Material shown
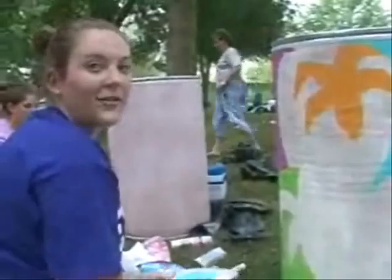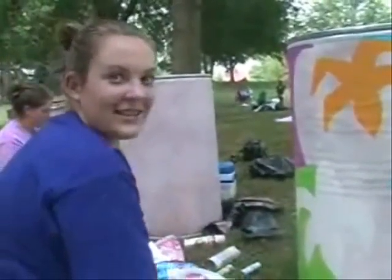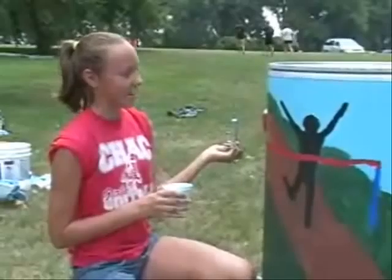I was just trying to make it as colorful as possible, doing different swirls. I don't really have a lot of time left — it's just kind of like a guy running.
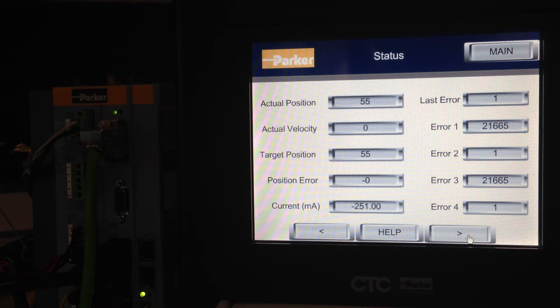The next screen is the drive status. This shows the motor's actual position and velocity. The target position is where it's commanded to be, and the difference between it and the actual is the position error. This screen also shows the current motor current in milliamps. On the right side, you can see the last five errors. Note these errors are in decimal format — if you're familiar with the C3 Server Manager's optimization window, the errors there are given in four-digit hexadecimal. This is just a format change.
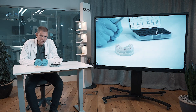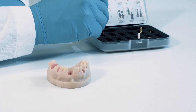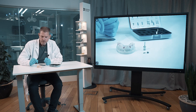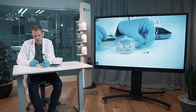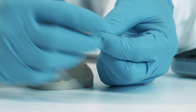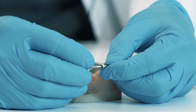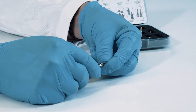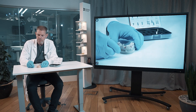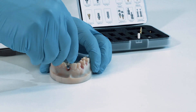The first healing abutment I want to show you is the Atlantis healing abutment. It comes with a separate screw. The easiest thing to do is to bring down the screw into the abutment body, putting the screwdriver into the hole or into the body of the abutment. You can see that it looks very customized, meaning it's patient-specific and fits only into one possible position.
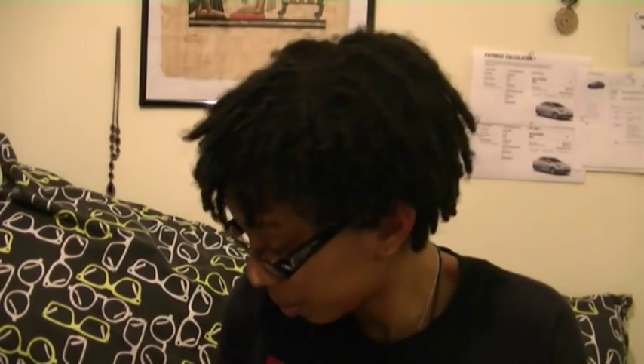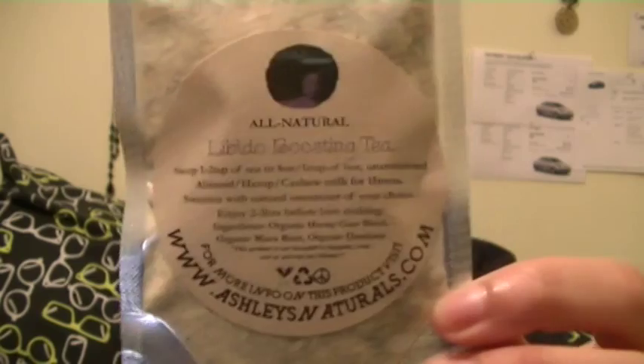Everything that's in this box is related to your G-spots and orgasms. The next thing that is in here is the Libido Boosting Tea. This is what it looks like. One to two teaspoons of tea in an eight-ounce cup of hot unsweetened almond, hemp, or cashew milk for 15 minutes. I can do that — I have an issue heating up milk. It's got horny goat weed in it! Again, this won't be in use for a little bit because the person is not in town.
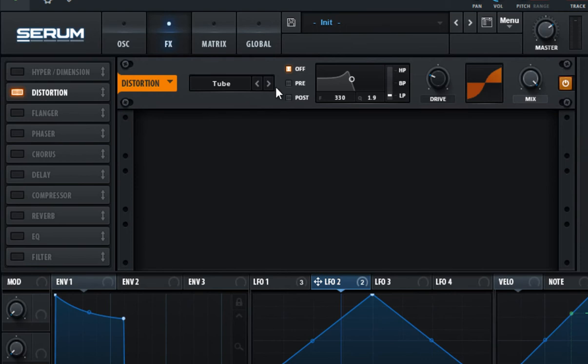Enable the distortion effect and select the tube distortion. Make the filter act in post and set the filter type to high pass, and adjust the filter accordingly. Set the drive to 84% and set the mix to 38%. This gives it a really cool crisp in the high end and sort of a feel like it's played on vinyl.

---

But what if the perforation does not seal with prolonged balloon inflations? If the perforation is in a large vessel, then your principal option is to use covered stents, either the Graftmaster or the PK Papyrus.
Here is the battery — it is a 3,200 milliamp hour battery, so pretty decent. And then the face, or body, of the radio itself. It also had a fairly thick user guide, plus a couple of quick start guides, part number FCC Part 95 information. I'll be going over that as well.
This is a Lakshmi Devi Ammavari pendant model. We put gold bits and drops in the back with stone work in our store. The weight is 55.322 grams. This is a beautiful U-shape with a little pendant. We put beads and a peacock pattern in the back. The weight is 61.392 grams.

--

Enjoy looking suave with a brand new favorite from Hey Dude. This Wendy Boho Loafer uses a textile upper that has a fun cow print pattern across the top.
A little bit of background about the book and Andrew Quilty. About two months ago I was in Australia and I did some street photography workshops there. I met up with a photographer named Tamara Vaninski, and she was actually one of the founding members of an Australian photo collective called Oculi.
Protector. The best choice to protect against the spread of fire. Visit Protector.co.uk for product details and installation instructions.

Task
From the records above, write out exactly the lines that begin at the line with "Everything that's in" and end at the line with "Enable the distortion". Pictures must not appear in the output.

Output of the exercise
Everything that's in this box is related to your G-spots and orgasms. The next thing that is in here is the Libido Boosting Tea. This is what it looks like. One to two teaspoons of tea in an eight-ounce cup of hot unsweetened almond, hemp, or cashew milk for 15 minutes. I can do that — I have an issue heating up milk. It's got horny goat weed in it! Again, this won't be in use for a little bit because the person is not in town.
Enable the distortion effect and select the tube distortion. Make the filter act in post and set the filter type to high pass, and adjust the filter accordingly. Set the drive to 84% and set the mix to 38%. This gives it a really cool crisp in the high end and sort of a feel like it's played on vinyl.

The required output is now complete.